In der orthodoxen Kirche sind die Gottesdienstordnungen seit Jahrhunderten festgelegt, deshalb scheinen sie in Stein gemeißelt zu sein. Dies verbietet allerdings nicht die Abfassung neuer Texte, um ein neu eingeführtes Fest (etwa den „Tag der Schöpfung“) oder einen neuen Heiligen liturgisch zu würdigen. Die Unveränderlichkeit der Gottesdienste betrifft sowohl die Gebete als auch die Lesungen der jeweiligen Feier.

Der orthodoxe Traugottesdienst

Die Evangelienlesung der „Ordnung der Krönung“ (Eheschließung) ist Joh 2,1–11 entnommen. Es fällt auf, dass sich die Kirche die Geschichte der Hochzeit zu Kana, die ihren Höhepunkt im ersten Wunder Christi – der Wandlung des Wassers zu Wein – findet, dafür ausgesucht hat, obwohl die Evangelien andere Stellen beinhalten, bei denen Jesus über die Unauflöslichkeit der Ehe spricht. Das gilt etwa in seinem Gespräch mit den Pharisäern in Mt 19,1–12 beziehungsweise Mk 10,1–12, wo auch auf Gen 2,24 („sie werden ein Fleisch“) hingewiesen wird.

Mit dieser Wahl wollte die Kirche das Mysterium der Ehe auch nicht mit jenen Worten Jesu über Unzucht, Ehebruch und Scheidung in Verbindung setzen. Vielmehr sollte die Teilnahme, ja die Mitwirkung Jesu bei dieser Hochzeit zu Kana in Erscheinung treten: Jesus geht zu dieser Hochzeit mit seiner Mutter und seinen Jüngern, er nimmt an der siebentägigen Feier teil, er schenkt, wie es üblich war, dem Brautpaar den guten Wein. Alles andere über die große sakramentale Bedeutung der Ehe und ihre Entsprechung zur Beziehung zwischen Christus und der Kirche („Dieses Mysterium ist groß; ich sage es aber in Bezug auf Christus und die Kirche“, Eph 5,32), deren Ikone sie ist, sowie über ihre Unauflöslichkeit (der erwähnte Bezug auf Christus und die Kirche sowie der Satz „die zwei werden zu einem Fleisch werden“, Eph 5,31; vgl. Gen 2,24) wird in der Epistellesung dargelegt. Sie geht der Evangelienlesung voran und wirkt in markanter Weise wie eine Katechese an das Brautpaar (sowie an alle anderen, die dort Erwähnung finden …).

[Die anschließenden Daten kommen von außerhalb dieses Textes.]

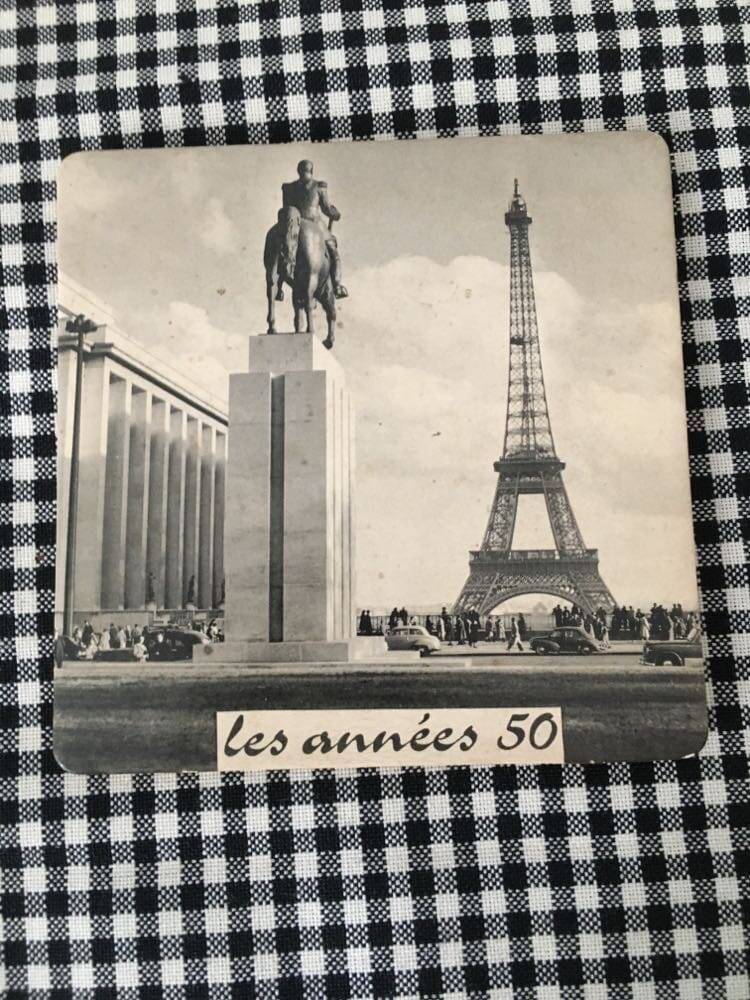 Set of 4 “The 50s” coasters. Reproduction on cork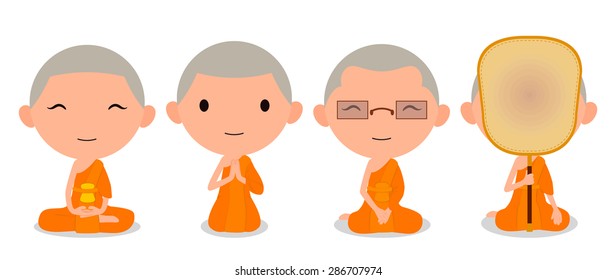 cartoon thai monk sitting peacefully, in meditation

Indem in den Gebeten des Traugottesdienstes bekannte Paare aus der Heiligen Schrift, die eine herausragende Rolle für das Mysterium der Heilsökonomie gespielt haben, erinnert werden (Adam und Eva, Abraham und Sarah, Isaak und Rebekka, Jakob und Rahel, Joseph und Asyneth bis hin zu Zacharias und Elisabeth), werden die Brautleute mit ihnen in Verbindung gesetzt. In diesen Gebeten wird für die nun Vermählten unter anderem um langes Leben, Besonnenheit, gegenseitige Liebe, Nachkommenschaft und Freude am Familienleben gebetet.

Die Vereinigung zu einem Fleisch wird sichtbar gemacht durch die Krönung der Brautleute („… kröne sie zu einem Fleisch“) mit den dafür angefertigten Kränzen (mancherorts auch mit Kronen), weswegen der Gottesdienst der Eheschließung auch „Gottesdienst der Krönung“ heißt. Die Krönung findet vor der Epistellesung statt, in der ebenfalls von dem Einswerden zu einem Fleisch die Rede ist. Erst dann folgt die Evangelienlesung mit der Geschichte der Hochzeit zu Kana. Die Verbindung der gegenwärtigen Hochzeit mit jener Hochzeit zu Kana wird durch das Trinken von Wein aus dem gemeinsamen Ehe-Kelch kurz nach dem Evangelium sichtbar. Währenddessen wird „der Kelch des Heils“ besungen.

Die gottesdienstliche Freude findet ihren Höhepunkt in einer dreifachen Prozession des Priesters, des Brautpaars und der Trauzeugen. Der dabei gesungene Christushymnus beginnt mit den Worten „Tanze Jesaia!“, weshalb dieser Moment auch als „Tanz des Jesaia“ bezeichnet wird. Auch dies deutet darauf hin, dass es sich hier um ein fröhliches und Freude bereitendes Ereignis im Leben der Menschen handelt; deshalb nennt der griechische Volksmund die Trauung einfach „Freude“ (Chará).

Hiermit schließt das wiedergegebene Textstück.